Thursday, December 13, 2007

Resources for Creativity

There are many hits to my website from people searching for ‘resources for creativity’. Goodness knows what they are actually looking for. Some may be looking for resources for training and workshops but many appear to be looking for a list of tools and materials that are mandatory or desirable for getting Creativity into an organisation.

So what is the answer to the question ‘What do I need to be creative?’ For a perfect creative situation the answer is that you need absolutely nothing as any resources can be created from scratch. The real truth is that organisations are not patient and do like to get a head start. Also the mix of human resources may not be ideal so here is the list that you need:

  • External stimulus or facilitation
  • An agreed set of objectives
  • Internal champions/creative catalysts
  • An initial embryonic framework for promoting creativity
  • Time and space for employees to be creative
  • Enlightened managers who will actively ‘un manage’ creativity
  • A light touch audit method
  • A simple but effective library of techniques that individuals can use
  • A method of capturing, storing and retrieving ideas and feedback

Seeing the above list you may be tempted to ‘go it alone’ and some may find that they succeed however the following should be borne in mind:

  • Internally led idea generation initiatives often fail or do not deliver as expected
  • Externally led idea generation initiatives often fail or do not deliver as expected
  • Simply running creativity training courses will have no beneficial effect on your bottom line
  • Leaving creativity and innovation solely in the hand of your HR department will often consign them to the wilderness

The moral is to get some good advice, target your scarce resources and do not commit to anyone who wishes you to create a long lasting dependency on them.

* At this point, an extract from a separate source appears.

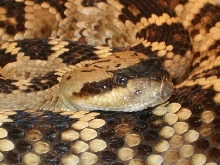 My big male C. molossus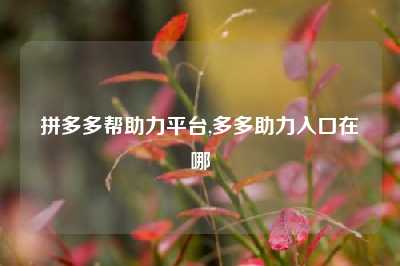 拼多多帮助力平台,多多助力入口在哪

The Confusion of Innovation

On my travels I talk to a number of people who claim that they just don’t ‘get innovation’. Holistic, whole company Innovation is an abstract concept but how complicated is it? The answer may be more puzzling than you think.

First of all let us consider a simple Innovation project. Typically it consists of a number of steps from inception through, audit, idea generation and prototyping to roll out. Add some project management and knowledge transfer activities and you have it nailed. So far so good, although you may question what these steps actually are.

Now we are ready to consider continuous Innovation. Imagine all your Innovation steps neatly drawn out onto a Gantt chart and then wrap them around on themselves so that your nice straight lines become a series of concentric circles. This is but a snapshot in time so now add the time dimension. Imagine your circles turned on their side like a series of disks and then add time by moving the disks from left to right. You should now be looking at a series of concentric cylinders.

Now many companies will have several ongoing Innovation initiatives, all at different stages and involving different people so consider all of your innovation projects in the manner described above – several sets of concentric cylinders all moving at varying rates and requiring management and resources. Would this convince you that your organisation, and especially your managers, need some assistance in getting to grips with the situation?